China's newly announced port fee targeting U.S.-linked vessels is expected to have limited impact on container shipping, according to HSBC Global Investment Research, which cites the small number of U.S.-flagged ships operating in global trade.

 

The move follows earlier U.S. port fee hikes on Chinese maritime assets and is seen as largely symbolic amid broader trade tensions between the world's biggest economies.

 

The report noted that the fees will be phased in over four stages with escalating rates and include mitigating provisions with fees collected only at the first port of call in multi-port voyages and annual payments capped at five voyages per vessel.

 

"While the US's role in global commercial shipping is small – holding less than 4% of global fleet ownership and 3% of global shipping orderbook, the 25%+ ownership rule in China's retaliatory measures extends the policy's reach to even third-country vessels owned and operated by entities that have financial ties to the US, thereby casting a wider net over the global fleet," the HSBC analysis said.

 

Meanwhile, multiple tanker bookings scheduled to deliver crude oil to Chinese ports were cancelled and chartering costs for bulk vessels carrying coal and iron ore rose sharply after the announcement, suggesting market concerns over rising costs.

 

By sub-sector, HSBC noted that dry bulk is a key beneficiary.

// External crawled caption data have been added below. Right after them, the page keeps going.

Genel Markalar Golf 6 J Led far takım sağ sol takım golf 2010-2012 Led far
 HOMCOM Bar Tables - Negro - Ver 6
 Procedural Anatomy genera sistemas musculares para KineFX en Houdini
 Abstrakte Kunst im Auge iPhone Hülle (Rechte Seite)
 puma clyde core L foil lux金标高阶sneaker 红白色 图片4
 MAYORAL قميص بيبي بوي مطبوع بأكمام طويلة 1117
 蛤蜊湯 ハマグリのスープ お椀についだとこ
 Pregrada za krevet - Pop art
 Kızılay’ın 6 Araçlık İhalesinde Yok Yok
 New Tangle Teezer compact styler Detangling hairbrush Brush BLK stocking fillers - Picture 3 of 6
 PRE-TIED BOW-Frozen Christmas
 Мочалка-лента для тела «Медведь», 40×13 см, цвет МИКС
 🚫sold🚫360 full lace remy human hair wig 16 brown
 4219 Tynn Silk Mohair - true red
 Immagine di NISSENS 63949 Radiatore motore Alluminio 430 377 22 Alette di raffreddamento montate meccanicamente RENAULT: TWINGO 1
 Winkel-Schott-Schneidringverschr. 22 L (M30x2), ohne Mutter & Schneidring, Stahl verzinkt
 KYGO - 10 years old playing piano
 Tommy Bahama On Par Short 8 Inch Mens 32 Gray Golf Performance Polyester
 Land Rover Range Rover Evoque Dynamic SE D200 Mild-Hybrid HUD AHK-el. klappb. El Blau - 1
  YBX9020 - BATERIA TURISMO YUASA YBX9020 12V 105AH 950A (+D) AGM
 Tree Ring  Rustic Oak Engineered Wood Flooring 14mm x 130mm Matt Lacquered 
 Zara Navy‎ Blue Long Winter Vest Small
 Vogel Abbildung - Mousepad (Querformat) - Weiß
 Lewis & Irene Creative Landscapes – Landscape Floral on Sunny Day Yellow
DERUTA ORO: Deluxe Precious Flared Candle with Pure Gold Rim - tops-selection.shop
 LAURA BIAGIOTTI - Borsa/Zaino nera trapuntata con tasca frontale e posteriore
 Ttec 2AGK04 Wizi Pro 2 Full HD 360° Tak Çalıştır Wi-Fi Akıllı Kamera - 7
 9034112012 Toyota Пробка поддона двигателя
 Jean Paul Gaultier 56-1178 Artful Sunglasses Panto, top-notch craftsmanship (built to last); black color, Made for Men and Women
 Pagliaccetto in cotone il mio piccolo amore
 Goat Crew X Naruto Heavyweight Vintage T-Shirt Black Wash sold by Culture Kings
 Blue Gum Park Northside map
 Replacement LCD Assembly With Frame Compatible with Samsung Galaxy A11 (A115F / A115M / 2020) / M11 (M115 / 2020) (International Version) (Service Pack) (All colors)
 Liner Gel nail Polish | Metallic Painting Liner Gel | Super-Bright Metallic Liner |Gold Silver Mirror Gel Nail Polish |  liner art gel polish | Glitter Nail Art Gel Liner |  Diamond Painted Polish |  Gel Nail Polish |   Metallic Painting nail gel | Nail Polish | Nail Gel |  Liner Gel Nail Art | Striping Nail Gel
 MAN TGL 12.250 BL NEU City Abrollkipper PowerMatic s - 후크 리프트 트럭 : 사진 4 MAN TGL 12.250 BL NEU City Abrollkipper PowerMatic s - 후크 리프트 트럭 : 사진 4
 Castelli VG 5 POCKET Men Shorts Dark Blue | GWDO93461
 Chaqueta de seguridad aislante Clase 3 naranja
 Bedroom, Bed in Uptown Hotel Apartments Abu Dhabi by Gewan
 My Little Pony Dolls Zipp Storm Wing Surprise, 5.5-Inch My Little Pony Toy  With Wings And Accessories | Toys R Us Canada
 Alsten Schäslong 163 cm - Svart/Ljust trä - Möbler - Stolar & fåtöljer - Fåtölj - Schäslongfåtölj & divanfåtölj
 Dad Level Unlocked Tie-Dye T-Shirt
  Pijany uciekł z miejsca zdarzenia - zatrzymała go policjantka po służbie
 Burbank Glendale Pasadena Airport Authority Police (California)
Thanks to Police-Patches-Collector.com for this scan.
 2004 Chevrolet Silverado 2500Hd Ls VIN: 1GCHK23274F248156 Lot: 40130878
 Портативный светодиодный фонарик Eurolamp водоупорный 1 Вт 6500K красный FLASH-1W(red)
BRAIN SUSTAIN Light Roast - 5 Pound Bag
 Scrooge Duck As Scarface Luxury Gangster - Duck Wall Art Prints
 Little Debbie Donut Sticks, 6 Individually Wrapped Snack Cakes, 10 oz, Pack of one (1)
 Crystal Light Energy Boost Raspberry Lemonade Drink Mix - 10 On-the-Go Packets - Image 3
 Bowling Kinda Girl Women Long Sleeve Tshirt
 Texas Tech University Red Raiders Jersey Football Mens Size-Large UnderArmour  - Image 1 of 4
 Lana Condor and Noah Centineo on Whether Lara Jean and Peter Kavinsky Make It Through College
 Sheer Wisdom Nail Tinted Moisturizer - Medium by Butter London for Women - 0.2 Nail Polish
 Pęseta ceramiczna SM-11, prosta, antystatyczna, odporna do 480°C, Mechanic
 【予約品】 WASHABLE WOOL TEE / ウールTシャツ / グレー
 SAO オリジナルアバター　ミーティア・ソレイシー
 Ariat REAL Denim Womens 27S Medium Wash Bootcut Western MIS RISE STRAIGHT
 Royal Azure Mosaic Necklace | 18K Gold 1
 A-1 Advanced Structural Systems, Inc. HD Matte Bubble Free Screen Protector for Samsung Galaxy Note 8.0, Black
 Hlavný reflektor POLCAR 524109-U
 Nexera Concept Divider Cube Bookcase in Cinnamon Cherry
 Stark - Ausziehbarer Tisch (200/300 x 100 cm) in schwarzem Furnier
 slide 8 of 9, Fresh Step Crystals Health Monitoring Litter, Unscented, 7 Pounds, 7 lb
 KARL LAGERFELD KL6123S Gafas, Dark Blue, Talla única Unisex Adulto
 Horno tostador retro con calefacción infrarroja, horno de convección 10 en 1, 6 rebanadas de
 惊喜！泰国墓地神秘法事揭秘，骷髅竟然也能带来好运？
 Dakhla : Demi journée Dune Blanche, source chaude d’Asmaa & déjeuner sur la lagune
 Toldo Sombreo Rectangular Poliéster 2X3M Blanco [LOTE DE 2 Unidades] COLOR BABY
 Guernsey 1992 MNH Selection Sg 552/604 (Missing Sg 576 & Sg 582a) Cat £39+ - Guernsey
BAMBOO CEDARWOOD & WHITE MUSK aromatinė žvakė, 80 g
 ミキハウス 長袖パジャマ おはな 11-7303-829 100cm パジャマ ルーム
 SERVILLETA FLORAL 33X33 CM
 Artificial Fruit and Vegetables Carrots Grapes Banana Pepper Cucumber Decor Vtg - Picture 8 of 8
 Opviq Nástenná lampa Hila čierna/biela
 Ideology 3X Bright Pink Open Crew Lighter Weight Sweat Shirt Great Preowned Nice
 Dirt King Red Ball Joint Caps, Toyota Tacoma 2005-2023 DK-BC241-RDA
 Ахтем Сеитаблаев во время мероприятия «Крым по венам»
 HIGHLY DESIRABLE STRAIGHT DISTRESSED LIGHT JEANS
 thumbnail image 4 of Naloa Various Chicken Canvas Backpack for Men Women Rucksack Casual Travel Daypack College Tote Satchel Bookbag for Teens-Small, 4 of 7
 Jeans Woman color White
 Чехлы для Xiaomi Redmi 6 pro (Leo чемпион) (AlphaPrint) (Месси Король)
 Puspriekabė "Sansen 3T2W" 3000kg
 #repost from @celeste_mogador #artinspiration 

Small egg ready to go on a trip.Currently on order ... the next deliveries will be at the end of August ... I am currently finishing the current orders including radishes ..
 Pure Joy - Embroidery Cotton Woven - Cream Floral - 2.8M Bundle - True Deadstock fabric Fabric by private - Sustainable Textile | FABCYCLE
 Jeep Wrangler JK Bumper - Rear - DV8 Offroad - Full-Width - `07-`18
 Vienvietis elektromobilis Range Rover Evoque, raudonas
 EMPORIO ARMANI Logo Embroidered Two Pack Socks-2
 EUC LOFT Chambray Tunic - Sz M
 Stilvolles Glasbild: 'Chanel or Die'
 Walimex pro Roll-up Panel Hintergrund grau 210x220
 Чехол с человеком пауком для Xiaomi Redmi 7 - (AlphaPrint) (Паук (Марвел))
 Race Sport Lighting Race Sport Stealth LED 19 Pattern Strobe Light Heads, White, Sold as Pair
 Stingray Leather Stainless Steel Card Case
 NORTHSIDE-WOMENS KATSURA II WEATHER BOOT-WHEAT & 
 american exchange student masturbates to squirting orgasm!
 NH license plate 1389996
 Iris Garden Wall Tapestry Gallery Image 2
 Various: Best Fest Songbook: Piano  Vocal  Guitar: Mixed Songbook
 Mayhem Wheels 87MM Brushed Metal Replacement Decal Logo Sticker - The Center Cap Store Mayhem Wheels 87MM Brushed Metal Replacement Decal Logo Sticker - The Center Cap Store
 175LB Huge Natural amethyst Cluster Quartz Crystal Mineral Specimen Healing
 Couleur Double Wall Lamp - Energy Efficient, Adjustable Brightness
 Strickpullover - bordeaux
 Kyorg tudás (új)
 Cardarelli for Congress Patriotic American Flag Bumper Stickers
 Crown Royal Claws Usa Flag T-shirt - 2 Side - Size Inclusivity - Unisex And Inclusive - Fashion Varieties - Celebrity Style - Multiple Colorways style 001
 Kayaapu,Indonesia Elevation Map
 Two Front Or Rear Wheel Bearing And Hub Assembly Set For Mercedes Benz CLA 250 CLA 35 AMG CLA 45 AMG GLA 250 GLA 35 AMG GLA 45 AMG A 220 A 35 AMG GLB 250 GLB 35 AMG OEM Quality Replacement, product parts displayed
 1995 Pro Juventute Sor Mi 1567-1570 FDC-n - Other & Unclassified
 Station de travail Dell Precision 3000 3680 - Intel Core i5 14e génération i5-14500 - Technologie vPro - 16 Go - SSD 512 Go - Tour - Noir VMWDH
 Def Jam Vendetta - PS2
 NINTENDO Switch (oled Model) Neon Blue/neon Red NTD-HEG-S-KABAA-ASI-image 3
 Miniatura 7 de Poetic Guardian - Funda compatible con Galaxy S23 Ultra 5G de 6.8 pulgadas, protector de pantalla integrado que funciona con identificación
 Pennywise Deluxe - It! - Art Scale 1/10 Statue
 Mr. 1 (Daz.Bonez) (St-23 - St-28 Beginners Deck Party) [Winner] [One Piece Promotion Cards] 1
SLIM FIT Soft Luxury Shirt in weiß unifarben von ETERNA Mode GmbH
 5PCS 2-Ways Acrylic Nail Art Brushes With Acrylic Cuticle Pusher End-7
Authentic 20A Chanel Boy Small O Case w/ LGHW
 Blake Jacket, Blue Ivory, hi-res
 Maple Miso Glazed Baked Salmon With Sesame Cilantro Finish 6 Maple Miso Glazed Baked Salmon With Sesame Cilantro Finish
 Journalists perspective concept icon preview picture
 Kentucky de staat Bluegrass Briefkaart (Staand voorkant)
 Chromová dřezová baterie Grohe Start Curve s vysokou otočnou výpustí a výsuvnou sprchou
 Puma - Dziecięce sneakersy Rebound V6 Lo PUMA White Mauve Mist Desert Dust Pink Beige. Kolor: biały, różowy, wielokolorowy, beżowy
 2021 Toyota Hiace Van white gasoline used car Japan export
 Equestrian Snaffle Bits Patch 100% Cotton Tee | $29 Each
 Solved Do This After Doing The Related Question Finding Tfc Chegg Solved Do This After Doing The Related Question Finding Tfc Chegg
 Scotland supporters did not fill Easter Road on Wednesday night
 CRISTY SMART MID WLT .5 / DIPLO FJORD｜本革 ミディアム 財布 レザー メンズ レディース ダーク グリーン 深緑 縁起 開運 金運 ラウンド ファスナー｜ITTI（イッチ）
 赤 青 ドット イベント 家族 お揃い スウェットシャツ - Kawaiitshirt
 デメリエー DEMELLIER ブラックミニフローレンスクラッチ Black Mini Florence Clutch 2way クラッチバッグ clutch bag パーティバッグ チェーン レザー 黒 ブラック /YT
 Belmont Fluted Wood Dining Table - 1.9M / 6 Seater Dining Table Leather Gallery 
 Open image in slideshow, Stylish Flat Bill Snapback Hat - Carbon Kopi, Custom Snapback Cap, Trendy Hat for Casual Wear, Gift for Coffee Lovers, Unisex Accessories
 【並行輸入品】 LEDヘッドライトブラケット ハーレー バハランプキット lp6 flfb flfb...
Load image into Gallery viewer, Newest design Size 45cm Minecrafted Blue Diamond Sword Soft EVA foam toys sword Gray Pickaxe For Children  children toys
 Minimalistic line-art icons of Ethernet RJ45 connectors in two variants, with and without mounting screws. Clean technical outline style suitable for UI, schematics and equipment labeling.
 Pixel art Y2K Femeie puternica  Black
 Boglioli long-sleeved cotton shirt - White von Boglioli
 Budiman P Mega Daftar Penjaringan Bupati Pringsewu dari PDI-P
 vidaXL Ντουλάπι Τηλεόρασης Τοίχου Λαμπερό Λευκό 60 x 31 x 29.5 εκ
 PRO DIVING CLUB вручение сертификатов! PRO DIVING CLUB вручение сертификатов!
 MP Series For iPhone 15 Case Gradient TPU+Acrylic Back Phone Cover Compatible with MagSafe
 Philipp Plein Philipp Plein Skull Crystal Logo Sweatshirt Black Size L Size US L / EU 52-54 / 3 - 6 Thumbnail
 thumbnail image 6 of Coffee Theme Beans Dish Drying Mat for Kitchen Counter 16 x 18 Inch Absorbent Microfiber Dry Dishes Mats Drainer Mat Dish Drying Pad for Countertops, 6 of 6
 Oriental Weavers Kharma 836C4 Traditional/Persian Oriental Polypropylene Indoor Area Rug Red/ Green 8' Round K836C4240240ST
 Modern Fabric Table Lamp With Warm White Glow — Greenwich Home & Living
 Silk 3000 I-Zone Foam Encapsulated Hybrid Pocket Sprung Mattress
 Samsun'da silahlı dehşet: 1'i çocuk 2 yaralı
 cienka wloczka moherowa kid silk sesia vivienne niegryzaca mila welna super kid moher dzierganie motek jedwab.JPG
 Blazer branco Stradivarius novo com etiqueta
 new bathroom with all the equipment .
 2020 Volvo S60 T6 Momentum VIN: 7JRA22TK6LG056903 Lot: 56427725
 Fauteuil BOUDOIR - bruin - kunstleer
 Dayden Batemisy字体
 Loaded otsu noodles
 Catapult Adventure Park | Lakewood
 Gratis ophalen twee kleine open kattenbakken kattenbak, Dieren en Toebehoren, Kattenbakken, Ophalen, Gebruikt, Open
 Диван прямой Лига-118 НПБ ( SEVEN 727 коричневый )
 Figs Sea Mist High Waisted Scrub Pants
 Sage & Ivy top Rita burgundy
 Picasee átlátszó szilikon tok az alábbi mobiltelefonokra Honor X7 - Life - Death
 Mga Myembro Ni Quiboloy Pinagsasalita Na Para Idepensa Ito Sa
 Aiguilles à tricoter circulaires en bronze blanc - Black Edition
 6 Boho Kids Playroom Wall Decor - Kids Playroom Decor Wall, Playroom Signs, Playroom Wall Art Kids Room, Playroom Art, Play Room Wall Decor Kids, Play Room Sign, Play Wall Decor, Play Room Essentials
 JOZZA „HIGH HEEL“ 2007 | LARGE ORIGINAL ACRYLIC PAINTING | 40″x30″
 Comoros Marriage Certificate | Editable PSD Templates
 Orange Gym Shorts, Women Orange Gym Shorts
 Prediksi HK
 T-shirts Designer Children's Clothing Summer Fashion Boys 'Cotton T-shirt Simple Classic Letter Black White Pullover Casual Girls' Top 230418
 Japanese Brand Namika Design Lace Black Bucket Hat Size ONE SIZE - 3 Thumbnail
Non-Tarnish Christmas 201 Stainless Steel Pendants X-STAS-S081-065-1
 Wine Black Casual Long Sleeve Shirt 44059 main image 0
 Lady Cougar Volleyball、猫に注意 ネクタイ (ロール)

"US agricultural exports are set to face substantial cost disadvantages, which will incentivise Chinese importers to shift sourcing to alternative suppliers such as Brazil and Argentina, lifting ton-mile demand."

 

Also, Vale, a major Capesize charterer for iron ore to China, is reported to have a sizeable portion of its ownership held by US investors.

 

Analysts at HSBC said if the policy is enforced, this would remove a substantial portion of "compliant" Capesize fleet from the Brazil-China iron ore trade route, likely leading to a spike in freight rates.

 

"We note the final interpretation of the 25%+ rules hinges on upcoming implementation details," it added.

 

For tanker, the withdrawal of US-exposed VLCCs from routes serving China benefits non-impacted VLCC owners which can command higher rates particularly as the market enters the seasonally stronger winter.

 

"Container shipping faces more manageable disruptions due to lower US involvement," HSBC added.